If you do not have access to an account manager at MS, then you have to best guess licensing for SharePoint 2013. If you do that, then you need to base your guesstimates on the Microsoft Open License without software assurance.
http://www.microsoft.com/licensing/software-assurance/
It is usually more cost effective to have software assurance but only if you want to maximise all the benefits of the Assurance programme.

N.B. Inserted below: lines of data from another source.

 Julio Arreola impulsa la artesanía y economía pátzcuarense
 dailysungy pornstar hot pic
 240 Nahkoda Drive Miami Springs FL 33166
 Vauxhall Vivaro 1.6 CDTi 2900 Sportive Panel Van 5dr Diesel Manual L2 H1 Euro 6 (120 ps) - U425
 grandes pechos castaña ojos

So, for on-premise SharePoint 2013 without assurance, you need to start by considering what your user base looks like and consider a few standard architecture questions?
- How many users will you have?
- What does their profile look like (heavy search, light collaboration for example)?
- How many are internal?
- How many are external?
- What features do I need to exploit?
This is important as Internal users will require a CAL which is about $100 per user in US money. User numbers (and usage profile) affect farm shape and are metrics that are will be used for Capacity planning and each server in your eventual farm will require a server license. So the number of users and the farm shape deployed may increase the cost of the server licensing.

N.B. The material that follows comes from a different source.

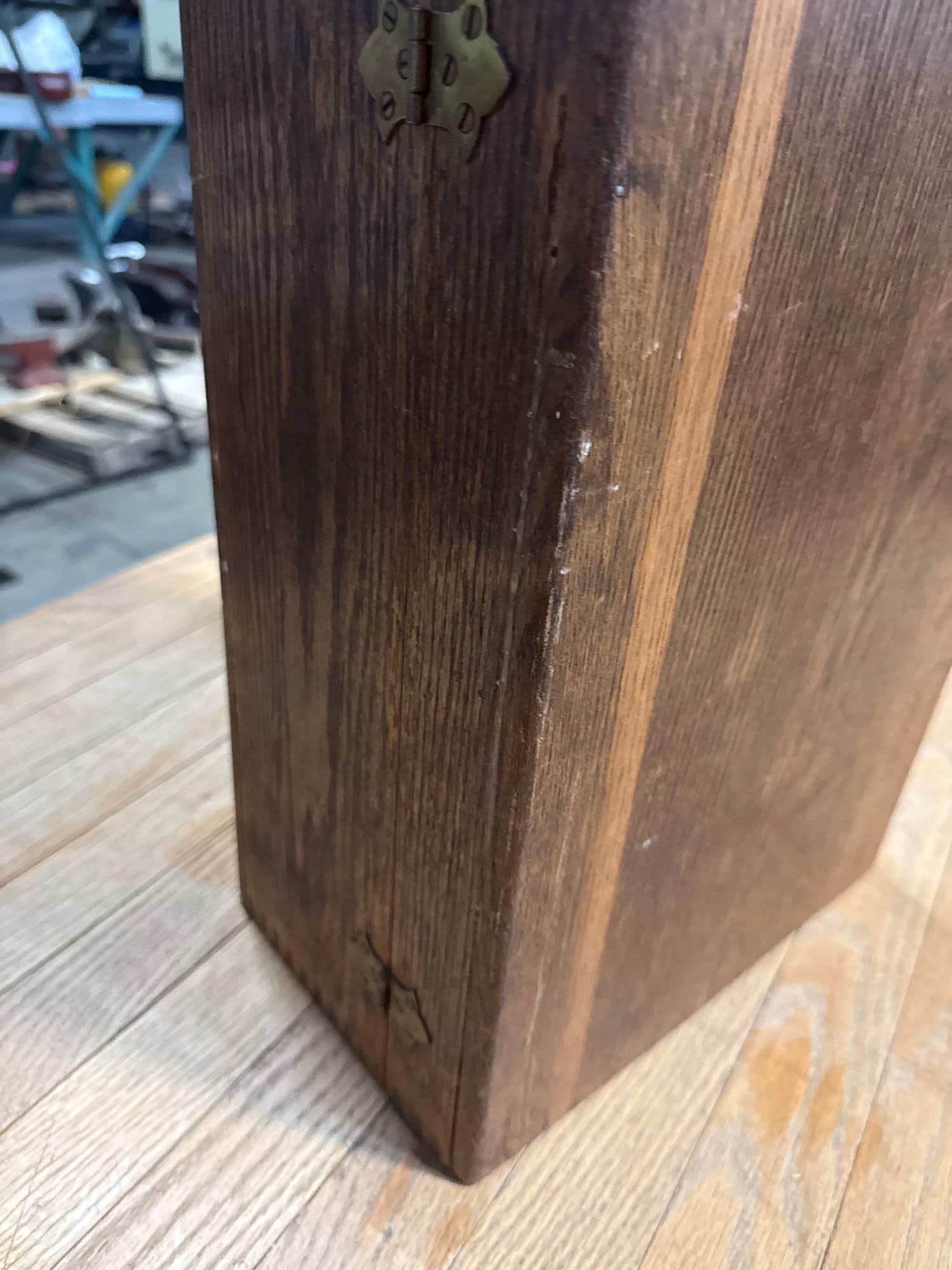 STANLEY DOVETAILED WORK BOX WITH TOOLS - 12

SharePoint 2013 search unlike Fast in 2010 has no additional licence costs to consider other than server costs as per SharePoint server licensing, so thats a step in the right direction but can still add licence costs per server in multiples of around 6K. Interstingly, SharePoint 2013 is no longer supported as an install on Windows Web Server. This closes a very useful licensing
loophole that made CALs unnecessary in some situations. However, you must not also forget that you need to add SQL and Windows Server licences and farm shape and cluster choices can push these up hugely.
Also, 2013 introduces something called User License Enforcement capabilities that enable the definition, assignment, and mapping of licenses to users associated with specific Active Directory security groups. For example an administrator can map Enterprise features to individual users who appear in the ‘Enterprise CAL’ Active Directory security group or limit usage of Duet capabilities to users in the ‘Duet CAL’ Active Directory security group. The assignment of license is based on individual users Active Directory security group membership.
There are five basic CAL categories that may be assigned which include Standard, Enterprise,
Project, Duet, and Office Web Applications (OWA) and some like Duet and OWA will cost you more money as you also need licences from SAP or for OWA your internal users need office client licenses.
If you are not sure of which 2013 features you might need to exploit and from which SharePoint 2013 version, look at he comparison chart provided by MVP Dave Coleman:
http://www.sharepointedutech.com/wp-content/plugins/download-monitor/download.php?id=17
By default in SharePoint Server 2013 User License Enforcement is disabled when SharePoint Server 2013 is deployed and must first be enabled to begin assigning, using, and implementing user licensing capabilities. You enable it via powershell so is an admin function. When User License Enforcement is enabled, usage data is logged and access to unlicensed features are blocked at runtime if the user does not have the appropriate license assignment. You need to decide if you want to have that enabled to somehow help you manage licence costs for non-enterprise feature only users.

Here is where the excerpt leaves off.